Между прочим, я прочел там место о том, что хорошо трудиться на молитвенном пути, созерцая "несозданную красоту" Бога в тишине, удаляясь от всякой суеты. Это место очень глубоко, и я прочел его Батюшке. Батюшка ответил, что это, вероятно, из творений пр. Макария (19 беседа).
21 числа, когда я утром пришел к Батюшке на занятия, он, благословив меня, спросил:
— Сегодня какого святого память? Пр. Максима Исповедника?
Я ответил:
— Да.
— Обратили ли вы внимание на кондак этому святому?
Я говорю:
— Нет.
— Дайте мне псалтирь. Читайте.
Я начал:
—"Свет трисиянный всельшийся в душу твою, сосуд избран показа тя, всеблаженне..."
— Здесь говорится про молитву Иисусову,— прервал мое чтение Батюшка,— теперь дальше читайте.
— "...являюща Божественная концем неудобопостижимых разумений ты сказуяй, блаженне, и Троицу всем, Максиме, воспроповедуй ясно присносущую, безначальную".

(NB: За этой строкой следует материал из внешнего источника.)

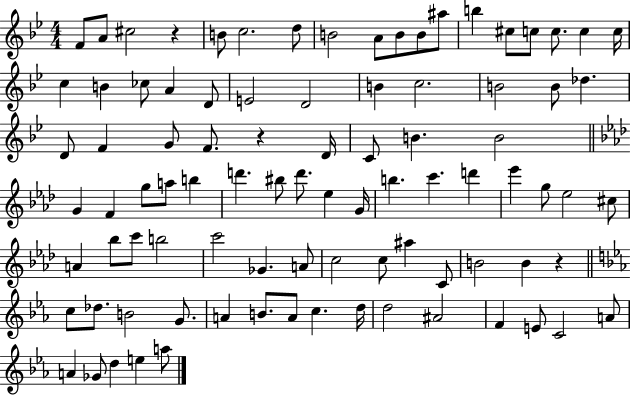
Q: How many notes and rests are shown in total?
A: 90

— Ну вот, теперь понятно, почему о. Амвросий всегда под подушкой имел творения св. Максима Исповедника. Его творения очень глубоки и таинственны.
Батюшка добавил:
— Прежде было так: кто замечал, что он нужен обители, тот смирялся и более всех, а теперь лишь заметят, что нужен, возгордятся и тронуть его нельзя.
И еще сказал Батюшка:
— Да, вот теперь мне становится понятным, как прежде жили старец и ученик единодушно. Как старец говорил с учеником, так я только с вами говорю.
Глубокая истина. Ученик должен быть всегда при старце, который должен знать и чувствовать все, чем дышит и что переживает ученик. При многолюдстве это невозможно. Не потому ли такой преданный ученик, как еп. Игнатий покинул своего старца, о. Льва?
31 января
27 января вечером Иванушка уехал в Москву. Что скажет еп. Трифон?

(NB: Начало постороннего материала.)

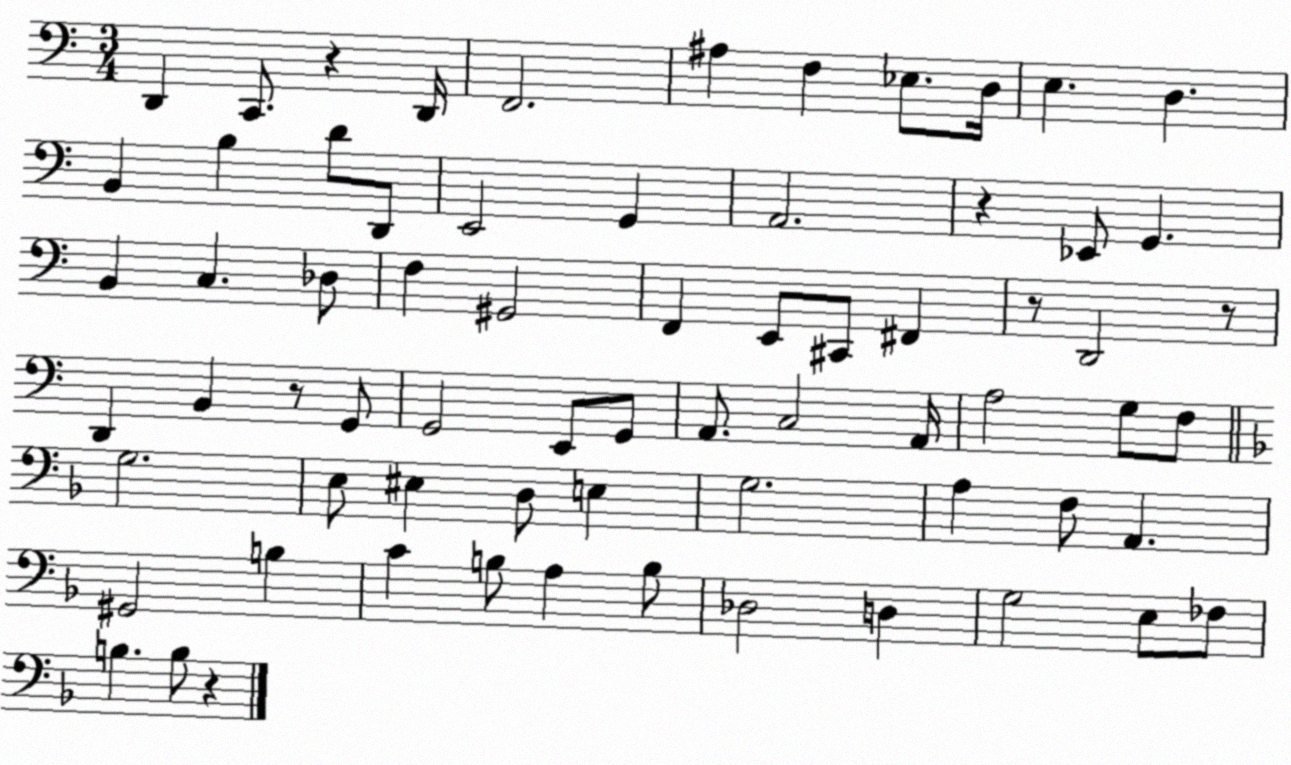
X:1
T:Untitled
M:3/4
L:1/4
K:C
D,, C,,/2 z D,,/4 F,,2 ^A, F, _E,/2 D,/4 E, D, B,, B, D/2 D,,/2 E,,2 G,, A,,2 z _E,,/2 G,, B,, C, _D,/2 F, ^G,,2 F,, E,,/2 ^C,,/2 ^F,, z/2 D,,2 z/2 D,, B,, z/2 G,,/2 G,,2 E,,/2 G,,/2 A,,/2 C,2 A,,/4 A,2 G,/2 F,/2 G,2 E,/2 ^E, D,/2 E, G,2 A, F,/2 A,, ^G,,2 B, C B,/2 A, B,/2 _D,2 D, G,2 E,/2 _F,/2 B, B,/2 z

В этот вечер мы с Батюшкой сначала писали письма и проч., а потом беседовали. Батюшка говорил о страстях и особенно о блудной, о том, что блудная страсть и сребролюбие одинаково сильны, от них никто не застрахован, хотя, конечно, каждому возрасту соответствует преимущественно одна страсть. У старых — обыкновенно скупость и сребролюбие, а у молодых — блуд.
28 числа вечером я спросил Батюшку:
— Вы мне сказали, что молитву Иисусову за церковной службой надо творить только тогда, когда не слышишь, что читают, или когда плохой чтец, так что трудно разобрать. Также и относительно пения. Когда вы мне это говорили, то специально упоминали, что так учил о. Амвросий. Но вот я прочитал у еп. Игнатия и у преп. Серафима Саровского, что надо молитву Иисусову творить за службою все время. Здесь я чувствую разногласие, а потому хочу понять, как примирить между собою оба эти учения?